◆ **Required work**: Every line below needs to be transcribed without alteration, and no image may be carried over.

◆ **The records**:
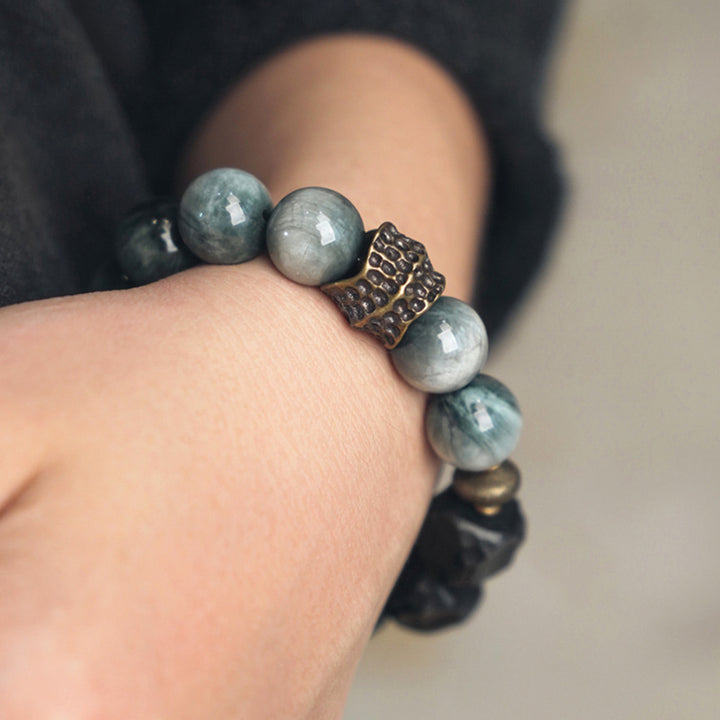 Buddha Stones Eagle's Eye Stone Ebony Wood Copper Confidence Couple Bracelet - image 2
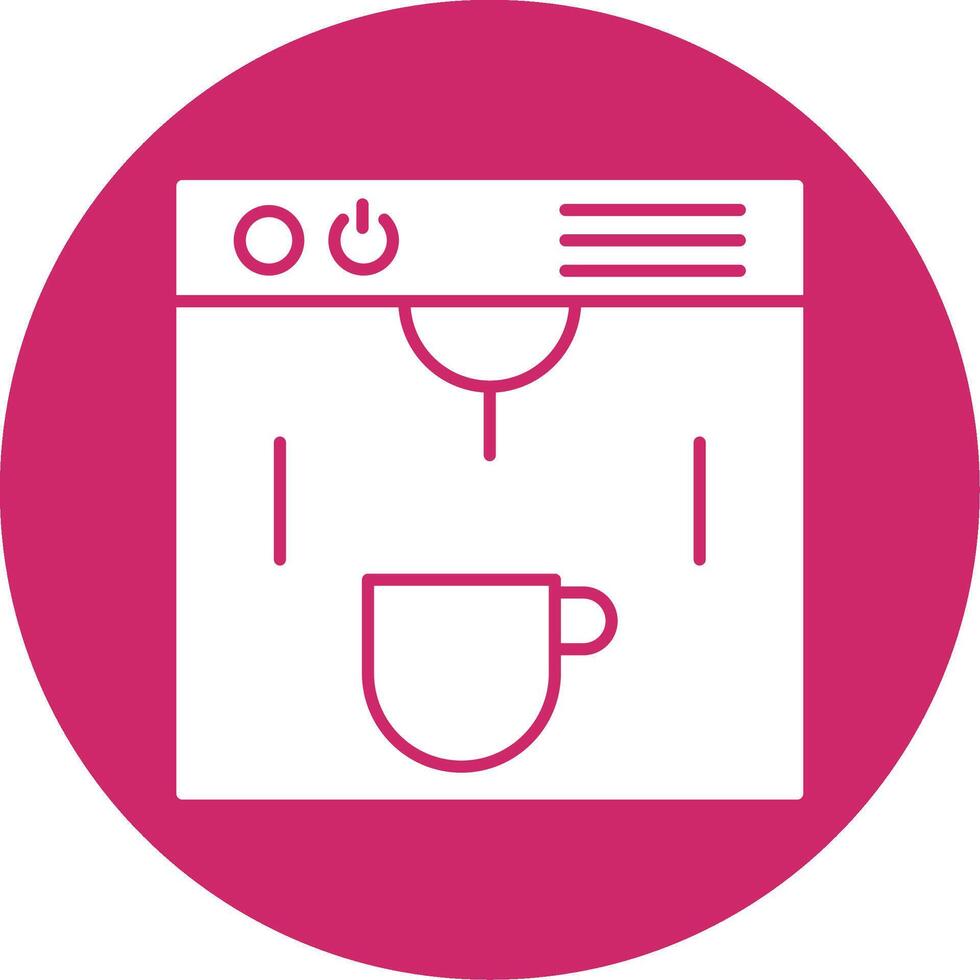 Coffe Maker Glyph Circle Icon vector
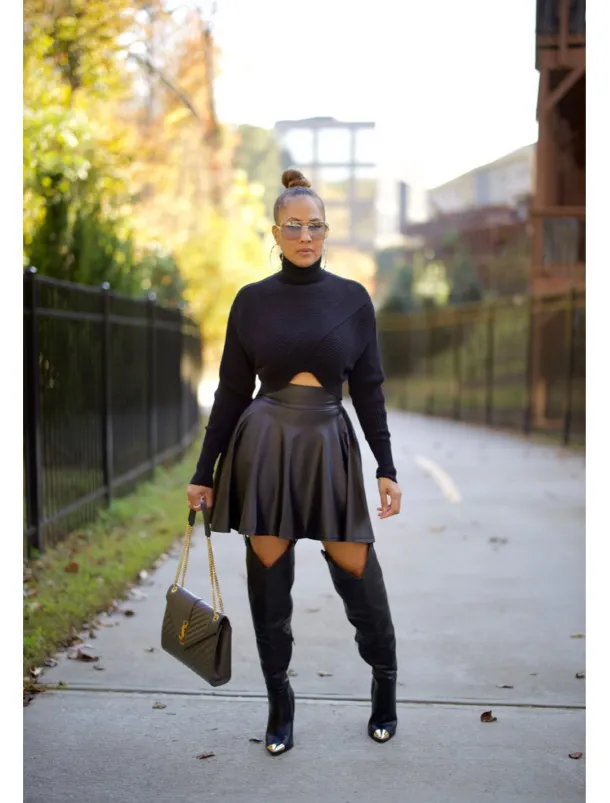 Women's Skirt Fashion Carnival Costumes Ladies Mini Skirts Solid Colored Pleated Carnival Homecoming Black Red Brown Spring & Fall PU Leather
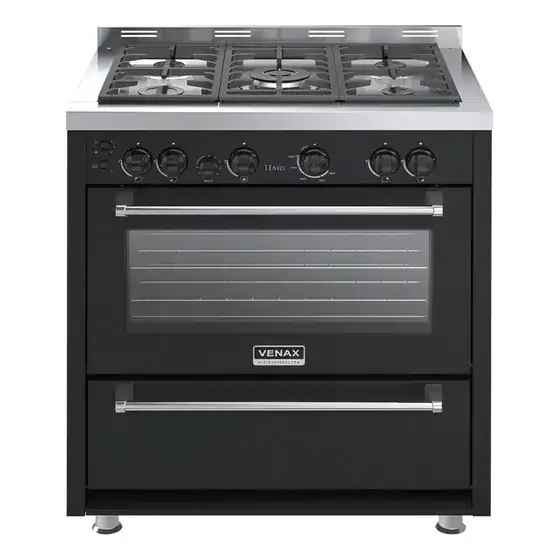 Fogao 5 Bocas Venax Temis Preto Gas Glp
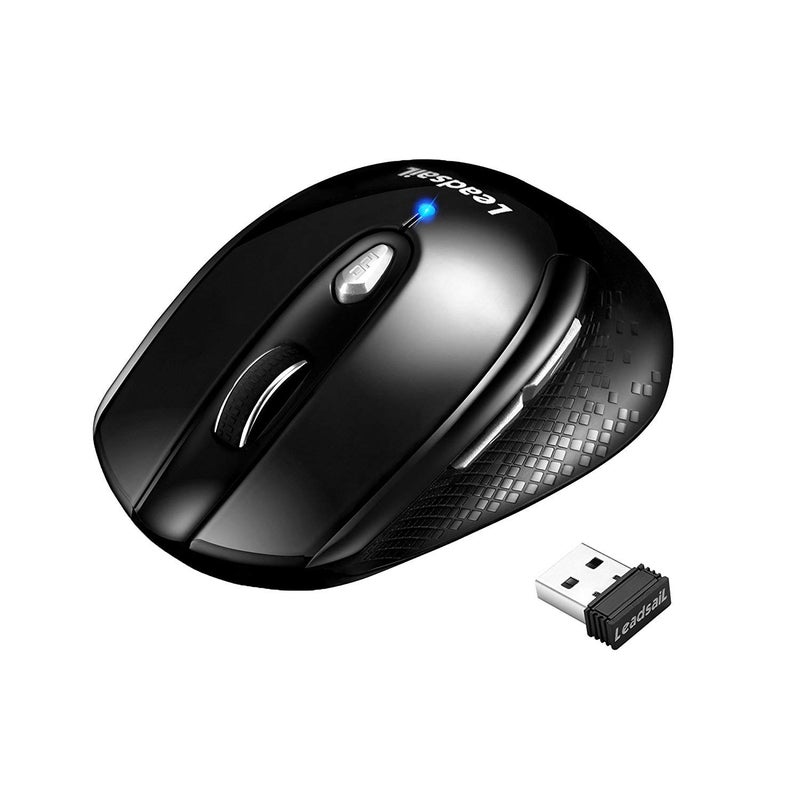 LeadsaiL ماوس لابتوب لاسلكي من ليدسيل، 2.4G نحيف محمول، أقل ضوضاء، 6 أزرار، USB لويندوز/ماك/لابتوبات - Image 1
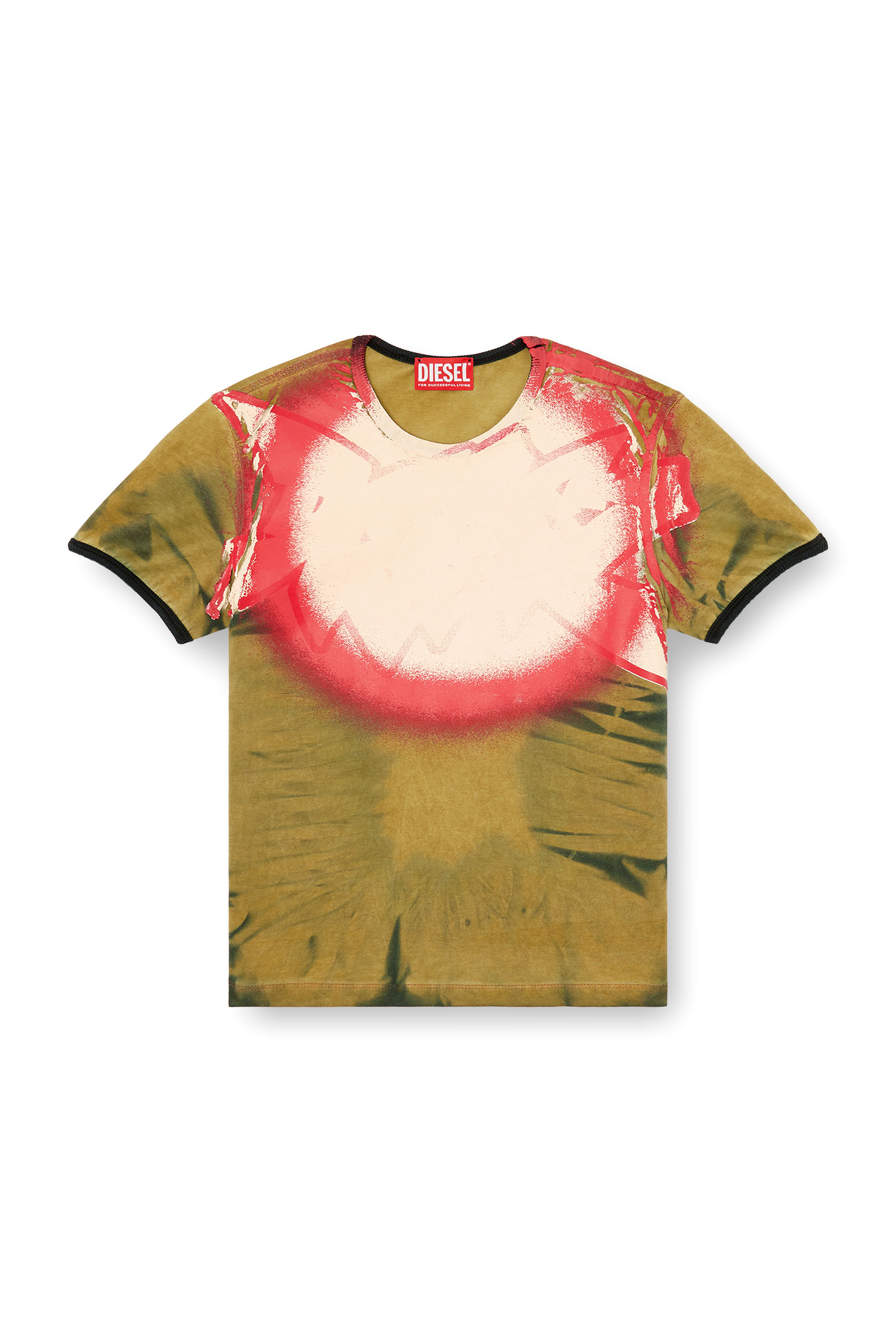 Diesel - T-UNCUTIE-LONG-Q1, Damen Batik-T-Shirt mit Scheinwerferlicht-Print in Armeegrün - 3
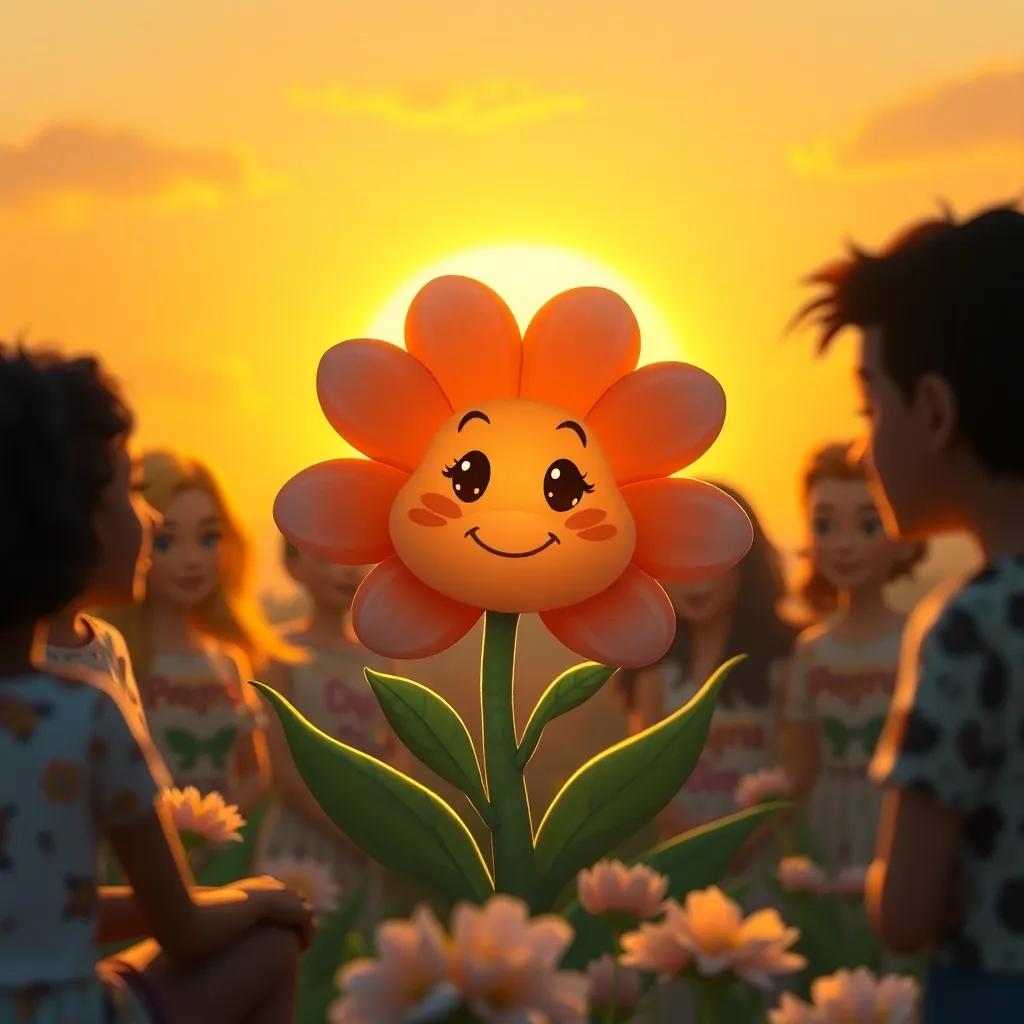 Penny the flower, surrounded by friends, glowing in the golden sunset, embodying the beauty of diversity, serene atmosphere, rich colors, uplifting, high quality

◆ **Response to this exercise**:
 Buddha Stones Eagle's Eye Stone Ebony Wood Copper Confidence Couple Bracelet - image 2
 Coffe Maker Glyph Circle Icon vector
 Women's Skirt Fashion Carnival Costumes Ladies Mini Skirts Solid Colored Pleated Carnival Homecoming Black Red Brown Spring & Fall PU Leather
 Fogao 5 Bocas Venax Temis Preto Gas Glp
 LeadsaiL ماوس لابتوب لاسلكي من ليدسيل، 2.4G نحيف محمول، أقل ضوضاء، 6 أزرار، USB لويندوز/ماك/لابتوبات - Image 1
 Diesel - T-UNCUTIE-LONG-Q1, Damen Batik-T-Shirt mit Scheinwerferlicht-Print in Armeegrün - 3
 Penny the flower, surrounded by friends, glowing in the golden sunset, embodying the beauty of diversity, serene atmosphere, rich colors, uplifting, high quality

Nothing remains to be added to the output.